News & Commentary

November 3, 2025

Ted Parker

Ted Parker is a student at Harvard Law School and a member of the Labor and Employment Lab.

In today’s news and commentary, the Fifth Circuit rejects Thryv remedies, the Third Circuit flirts with extending the holding of Ames to New Jersey’s employment discrimination statute, and two other circuits relax their application of the McDonnell Douglas framework.

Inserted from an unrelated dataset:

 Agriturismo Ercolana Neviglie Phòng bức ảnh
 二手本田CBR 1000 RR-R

On Friday, the Fifth Circuit ruled that Thryv remedies exceed the Board’s statutory authority, joining the Third Circuit’s lead. Both circuits declined to reach the constitutional argument that Thryv remedies violate the Seventh Amendment right to a jury trial. As Ajayan and Henry recently noted, the Ninth Circuit has come out on the other side, affirming the validity of Thryv remedies. The Fifth Circuit’s ruling thus adds to a deepening circuit split. However, the practical effect of taking Thryv remedies off the table in the Fifth Circuit may be nil, because in the Fifth Circuit unfair labor charges are already effectively blocked under the SpaceX decision.

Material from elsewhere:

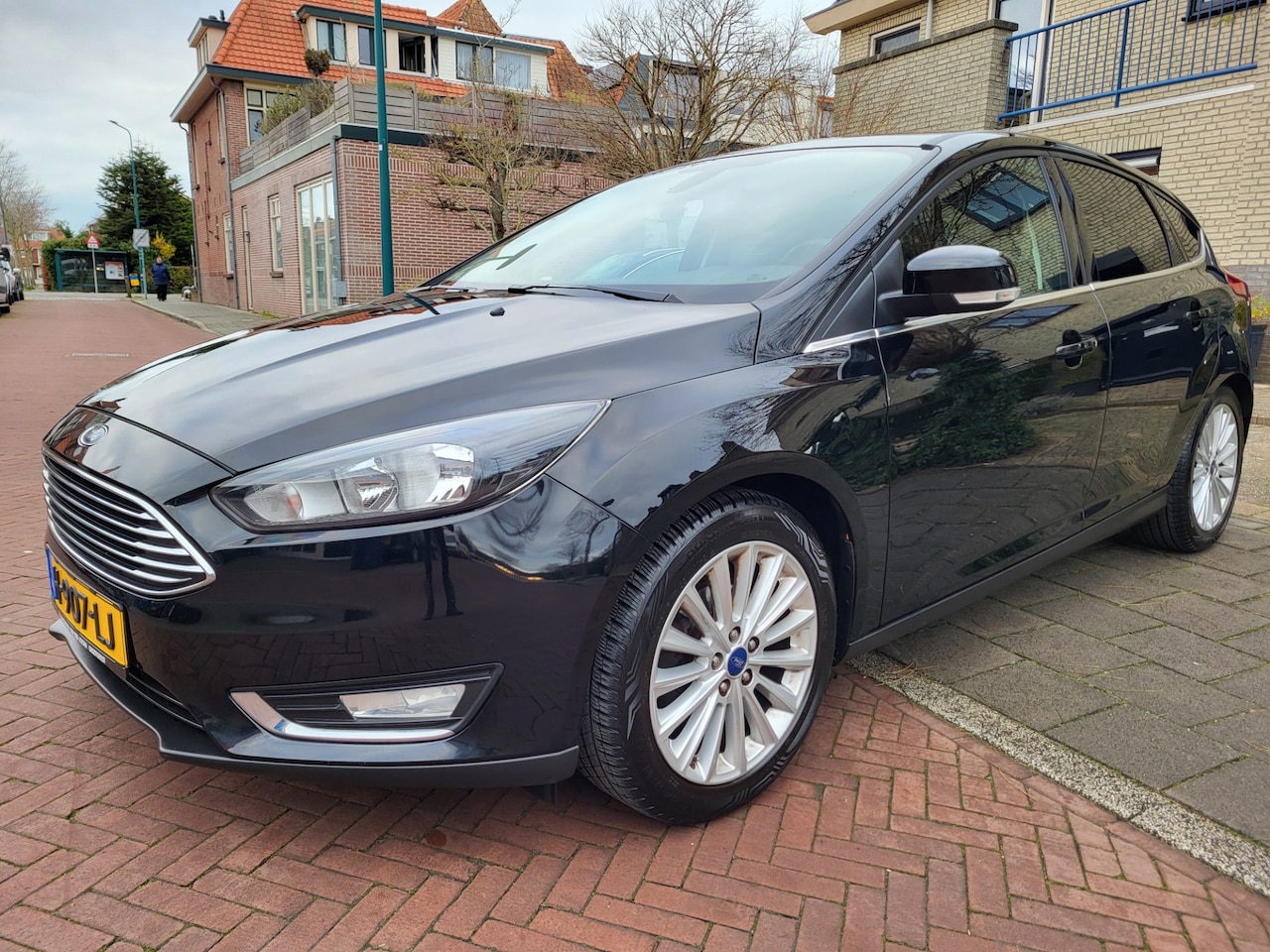 Ford Focus - 1.0 Titanium 1.0 Titanium - AutoWereld.nl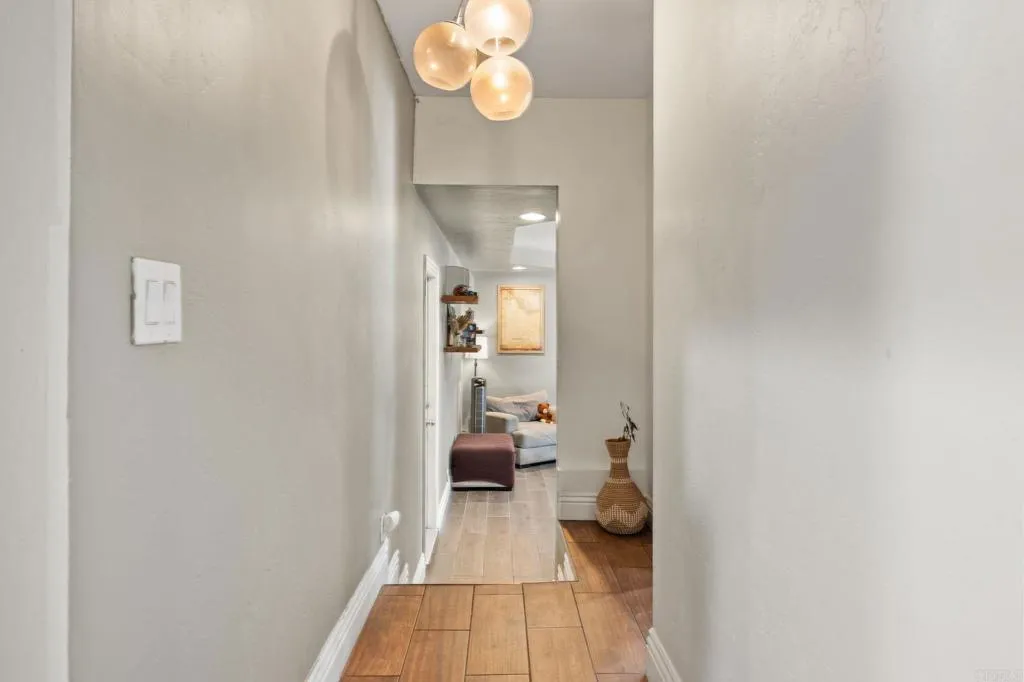 https://cdn.realtyfeed.com/cdn/127/306705514/676bb53238fc4a1248e0201d88e40649.webp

In employment law news, a Third Circuit panel (which included Judge Bove, Trump’s controversial new appointee) showed interest last week in striking down the “background circumstances” test as applied to New Jersey’s employment discrimination statute. As Sophia reported back in June, the Supreme Court in Ames v. Department of Youth Services struck down the background circumstances test in the context of Title VII as incompatible with the text of Title VII and the Court’s Title VII precedents. Last week, the Third Circuit panel flirted with extending Ames from the federal statute to the state one. However, federal courts applying state law are supposed to follow the lead of the state’s highest court. Defendants in the case thus urged the panel to certify the question to the Supreme Court of New Jersey, which has taken a “historically liberal approach to employment law.” In theory, nothing in Ames compels the New Jersey court to abandon the background circumstances test. For this reason, Judge Bove suggested novel ways of interpreting the background circumstances test as unconstitutional (which was not the holding of Ames) in order to bind the state.

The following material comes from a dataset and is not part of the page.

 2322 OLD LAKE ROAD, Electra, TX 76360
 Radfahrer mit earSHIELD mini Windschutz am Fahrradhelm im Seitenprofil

Finally, Bloomberg reports that two federal circuits have recently relaxed their application of the McDonnell Douglas framework, citing the concurrence of Justice Thomas (joined by Justice Gorsuch) in Ames. As I wrote back in June, this concurrence was welcomed by some antidiscrimination scholars, who argue the McDonnell Douglas framework has become a tool of employers to kick out workers’ discrimination suits at the summary judgment phase. This concurrence sent a signal to lower courts that they could be more critical of McDonnell Douglas. So far, two circuit courts (as well as some district courts) have taken up the invitation. In particular, the Fourth and Tenth Circuits have relaxed the third step of the test, where the plaintiff must show that their employer’s offered reason for the adverse employment action is a pretext, at the summary judgment stage. The effect of these rulings is to make it easier for employees to get a jury to hear their case.